The Korea Herald

피터빈트

Former speaker Chae Mun-shik dies

By

Published : June 28, 2010 - 16:39

    • Link copied

Former National Assembly Speaker Chae Mun-shik died at his home on Saturday. He was 86.

He was born in Mungyung, North Gyeongsang Province, in 1925, graduated from the political science department of Seoul National University and began a political life in 1971.

In that year, he took a nationwide proportional seat in the 8th National Assembly on the ticket of the now-defunct opposition New Democratic Party.

He was then re-elected to the National Assembly five times in a row.

Chae Mun-shik Chae Mun-shik
He was an NDP lawmaker representing the Mungyung and Yecheon district in the 9th and 10th Assemblies, the now-dissolved ruling Democratic Justice Party lawmaker from the same electorate in the 11th and 12th Assemblies, and a DJP lawmaker representing the nationwide constituency in the 13th Assembly.

He served as National Assembly Speaker from 1983 to 1985 as a fourth-term lawmaker. It was the first time a fourth-term lawmaker had become speaker. The record remained unbroken for 23 years until Lim Chae-jung was elected speaker as a fourth-term lawmaker in 2006.

Chae was president of the Inter-Parliamentary Union conference in 1980 and president of the South Korea-Netherlands Parliamentarians’ Friendship Association in 1981.

His life was marked by the turbulences of the modern Korean history. He was one of the leaders of the rightist student movement shortly after the liberation of Korea from Japanese colonial rule in 1945. At the age of 24, he became chief administrator of Mungyung, his hometown. Later, he was promoted to a director in charge of finance in the home ministry.

After he left public office, he pursued a career in news media and academia -- an editorial writer of the Daegu-based Yeungnam Ilbo in 1950 and a professor of Myongji University in Seoul in 1961. In 1971, he stepped into politics as an NPD lawmaker. As a third-term NPD lawmaker, he became the party spokesman, but stayed away from the mainstream. Rather than opposing the Park Chung-hee regime directly, he understood Park’s achievements.

The opposition lawmaker in the 8th to 10th Assemblies changed his political affiliation, being elected on the ticket of the ruling party in the 11th to 13th Assemblies.

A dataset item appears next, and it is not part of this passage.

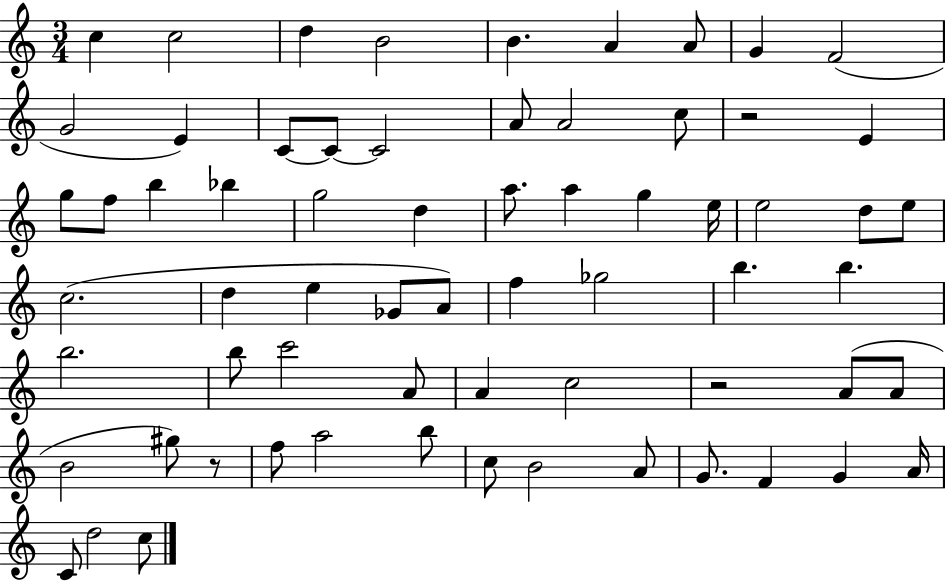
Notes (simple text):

Even as a ruling party lawmaker, he was not among party insiders. In the closing days of the Sixth Republic, then President Roh Tae-woo backed Kim Young-sam, a leader of the Democratic Liberal Party, as candidate for the next president. Chae and several other lawmakers turned against the Kim camp, and tried to put forward a single candidate from another faction of the party.

As Kim won the presidential candidacy from the DLP in 1992, Chae participated in the creation of the New Korea Party. But the new party dissolved, prompting Chae into retirement from politics.

He lived a low-profile retirement. He served as president of a friendship society of former lawmakers and as chairman of the corporate body managing Korea University and its affilates.

His body is being kept at Seoul National University Hospital, and his funeral service will be held at National Assembly on Tuesday. He will be buried in the National Cemetery in Daejeon, South Chungcheong Province.

He is survived by three sons and one daughter.